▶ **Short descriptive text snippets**
________________________

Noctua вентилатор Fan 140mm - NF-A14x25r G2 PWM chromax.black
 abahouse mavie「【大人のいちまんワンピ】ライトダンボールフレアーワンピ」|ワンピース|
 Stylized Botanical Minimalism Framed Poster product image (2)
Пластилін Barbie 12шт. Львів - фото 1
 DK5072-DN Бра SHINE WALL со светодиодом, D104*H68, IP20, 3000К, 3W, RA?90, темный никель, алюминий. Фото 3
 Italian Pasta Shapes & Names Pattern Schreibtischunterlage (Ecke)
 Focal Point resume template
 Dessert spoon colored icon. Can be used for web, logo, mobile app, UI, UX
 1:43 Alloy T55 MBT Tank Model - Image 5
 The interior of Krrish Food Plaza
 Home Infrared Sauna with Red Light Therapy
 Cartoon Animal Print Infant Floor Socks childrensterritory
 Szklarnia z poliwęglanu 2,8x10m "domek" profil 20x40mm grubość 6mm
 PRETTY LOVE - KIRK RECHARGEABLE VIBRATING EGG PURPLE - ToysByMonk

________________________

▶ **Work instruction**
Could you set down, exactly as written, the lines above between the one holding "abahouse mavie" and the one holding "1:43 Alloy T55 MBT Tank Model - Image 5", inclusive, and nothing more?

▶ **Task response**
 abahouse mavie「【大人のいちまんワンピ】ライトダンボールフレアーワンピ」|ワンピース|
 Stylized Botanical Minimalism Framed Poster product image (2)
Пластилін Barbie 12шт. Львів - фото 1
 DK5072-DN Бра SHINE WALL со светодиодом, D104*H68, IP20, 3000К, 3W, RA?90, темный никель, алюминий. Фото 3
 Italian Pasta Shapes & Names Pattern Schreibtischunterlage (Ecke)
 Focal Point resume template
 Dessert spoon colored icon. Can be used for web, logo, mobile app, UI, UX
 1:43 Alloy T55 MBT Tank Model - Image 5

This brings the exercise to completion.